Olympia-Mikros werden in den USA verramscht

21.06.1985

MÜNCHEN (CW) - Nachdem die Verluste der mehrheitlich zu AEG gehörenden Olympia Werke im vergangenen Jahr, hauptsächlich wegen erhöhter Abschreibungen auf Bestände, drastisch angestiegen sind, steht dem Wilhelmshavener Management weitere Unbill ins Haus: In den USA wird der Arbeitsplatzcomputer "People" zu Schleuderpreisen verkauft, die sich in der Motivation der dortigen Vertragshändler und im Jahresabschluß 1985 deutlich bemerkbar machen dürften.

Im amerikanischen Versandhandel war der leistungsfähige Mikro, der den Endkunden offiziell rund 3600 Dollar kosten sollte, für 995 Dollar zu haben. Der Restpostenhändler California Digital, der zu diesem Preis anbietet, hat 1500 Rechner für 699 Dollar das Stück eingekauft; das entspricht etwa der Stückzahl, die Olympia 1984 am deutschen Markt absetzen konnte.

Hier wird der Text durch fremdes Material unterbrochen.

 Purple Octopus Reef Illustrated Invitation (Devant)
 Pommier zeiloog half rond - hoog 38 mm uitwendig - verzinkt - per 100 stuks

Was zunächst wie ein Restpostengeschäft aussah, das bei Einstellung einer Produktlinie durchaus üblich ist, entpuppte sich als krasse Fehlleistung der Verantwortlichen in den USA. Die fahrenden Köpfe ihrer US-Tochter hatten sich im vergangenen Jahr bei den Dispositionen für den "People" kräftig übernommen. Als klar wurde, daß die georderten Stückzahlen nicht abzusetzen waren, wurde das Lager im Hauruck-Verfahren bereinigt.

"Die Kameraden haben zu hoch eingeschrieben und müssen dafür geradestehen", kommentiert ein Olympia-Insider. Die Billigung des Olympia-Vorstandes in Wilhelmshaven hätte die Aktion jedenfalls nicht gehabt. Auch an eine Einstellung des People werde nicht gedacht. Die Folgen sind abzusehen: Verunsicherung des Vertragshändlerstammes und erhöhter Abschreibungsbedarf in Millionenhöhe wobei die Unruhe der den amerikanischen Olympia-Händlern schwerer wiegen dürfte.

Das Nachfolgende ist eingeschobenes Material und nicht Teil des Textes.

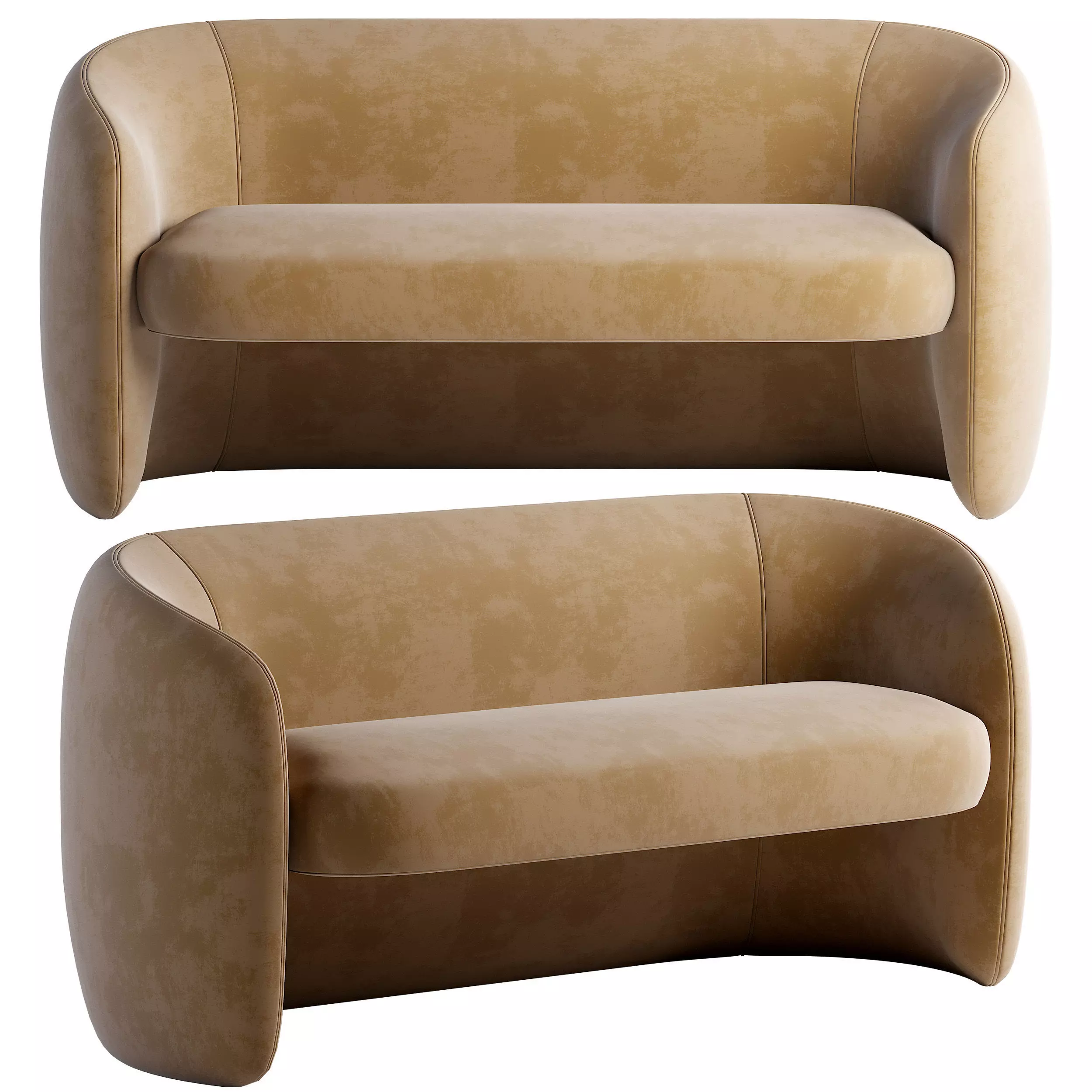 Sofa modern 2014 Low-poly 3D model_0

Ob und welche Konsequenzen die Schleuderpreise in den USA für die Verantwortlichen haben wird, bleibt vorerst offen. Sicher ist, daß auch andere Anbieter die Entwicklung der Zuwachsraten im amerikanischen Mikromarkt falsch eingeschätz haben. Denkbar ist aber auch, daß der Umsatzdruck der deutschen Mutter die Phantasie der US -Dependance über Gebühr angeregt haben könnte.

Weltweit hatte Olympia im vergangenen Geschäftsjahr einen Verlust von über 70 (1983:50) Millionen Mark eingefahren; in der AG waren es 53 (37) Millionen Mark. Für 1985 rechnet Olympia mit weiteren Verlusten, eine Wende beim Ertrag hatte Heinz Dürr, der Vorstands der Muttergesellschaft AEG, erst für 1986 in Aussicht gestellt. Der Umsatz hatte sich 1984 um sechs Prozent auf 1,2 (1,13) Milliarden Mark erhöht, die Belegschaft weiter auf 8820 (9420) Mitarbeiter verringert.